If you ask me, the whole thing is about as dramatic as people always assuming that the cheetah is the fastest land-based animal, and that no animal can run faster, but it turning out that there's a little known related species of big cat which can actually run 0.001 mph faster.
But we wouldn't rule out that there is the possibility of a different cat out there being 0.001mph faster. We don't really know the upper theoretical speed of cats.
Let's think of something more certain: homeopathy doesn't work. We know it doesn't work because it's never been proven to work, and it also breaks a few fundamental laws of physics. Now imagine that it did work. Someone did a double-blind test and we repeated it a few times and it works. The fact that homeopathy worked, and we could all have cheap treatments wouldn't be the most shocking thing. It would be that the law of mass action would be wrong. We couldn't just say "by the way, this doesn't apply to homeopathy", we'd work out why it didn't work for homeopathy and have to change the law.

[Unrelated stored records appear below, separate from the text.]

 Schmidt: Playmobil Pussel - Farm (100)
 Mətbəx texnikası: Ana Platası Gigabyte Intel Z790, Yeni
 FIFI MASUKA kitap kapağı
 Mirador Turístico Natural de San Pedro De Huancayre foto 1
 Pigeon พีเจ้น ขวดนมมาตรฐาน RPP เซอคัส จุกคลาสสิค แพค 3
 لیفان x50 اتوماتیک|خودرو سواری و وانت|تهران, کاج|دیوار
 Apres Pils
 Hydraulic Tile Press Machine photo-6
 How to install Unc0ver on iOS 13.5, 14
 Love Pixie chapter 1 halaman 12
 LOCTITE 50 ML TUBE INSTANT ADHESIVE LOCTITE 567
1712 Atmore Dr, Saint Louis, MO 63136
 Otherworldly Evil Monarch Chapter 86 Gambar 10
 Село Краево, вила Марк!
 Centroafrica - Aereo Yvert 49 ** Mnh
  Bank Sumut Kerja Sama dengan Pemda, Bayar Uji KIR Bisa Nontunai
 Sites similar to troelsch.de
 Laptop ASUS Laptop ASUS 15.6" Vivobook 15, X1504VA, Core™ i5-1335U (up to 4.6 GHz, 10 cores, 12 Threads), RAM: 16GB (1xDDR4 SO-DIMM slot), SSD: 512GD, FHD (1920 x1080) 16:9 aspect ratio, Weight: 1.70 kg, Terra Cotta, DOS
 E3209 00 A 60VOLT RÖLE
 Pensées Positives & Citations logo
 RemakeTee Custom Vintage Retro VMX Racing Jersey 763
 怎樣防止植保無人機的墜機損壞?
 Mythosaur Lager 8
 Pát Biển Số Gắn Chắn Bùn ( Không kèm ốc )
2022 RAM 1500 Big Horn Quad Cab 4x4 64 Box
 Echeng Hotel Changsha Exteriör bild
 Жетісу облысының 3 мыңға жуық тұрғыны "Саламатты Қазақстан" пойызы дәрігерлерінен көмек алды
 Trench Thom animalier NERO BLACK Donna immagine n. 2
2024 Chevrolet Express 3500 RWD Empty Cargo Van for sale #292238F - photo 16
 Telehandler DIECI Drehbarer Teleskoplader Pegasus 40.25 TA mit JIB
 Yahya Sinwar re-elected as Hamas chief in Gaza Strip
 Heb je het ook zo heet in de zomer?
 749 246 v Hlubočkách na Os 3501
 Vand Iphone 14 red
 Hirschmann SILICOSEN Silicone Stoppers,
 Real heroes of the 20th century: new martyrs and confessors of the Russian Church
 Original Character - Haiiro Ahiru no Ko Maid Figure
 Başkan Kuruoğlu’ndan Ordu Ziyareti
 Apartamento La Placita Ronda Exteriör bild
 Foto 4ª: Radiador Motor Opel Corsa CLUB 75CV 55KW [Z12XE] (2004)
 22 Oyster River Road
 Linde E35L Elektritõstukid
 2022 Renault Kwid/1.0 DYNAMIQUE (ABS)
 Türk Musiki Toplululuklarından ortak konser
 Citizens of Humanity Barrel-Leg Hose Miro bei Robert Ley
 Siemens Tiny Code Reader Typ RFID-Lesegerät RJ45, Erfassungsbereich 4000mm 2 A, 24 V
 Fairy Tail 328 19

And with these old laws of physics, lots of other science is based on them because they're considered sound. So, when you find an exception, then as far as people like theoretical physicisists are concerned, all shit breaks loose.
BE, come off it, all these articles refer to "the speed of light" and not "the speed of radio waves", I know about RIVUXY as well as anybody else who did O level physics.
JT, as an arch-cynic, I once tried homoeopathy, assuming that it was a load of nonsense, and to my eternal disappointment... it does work. In a limited and won't-cure-everything fashion, for sure, but it works. It's like technical analysis or land value tax, it works whether you believe in it or not.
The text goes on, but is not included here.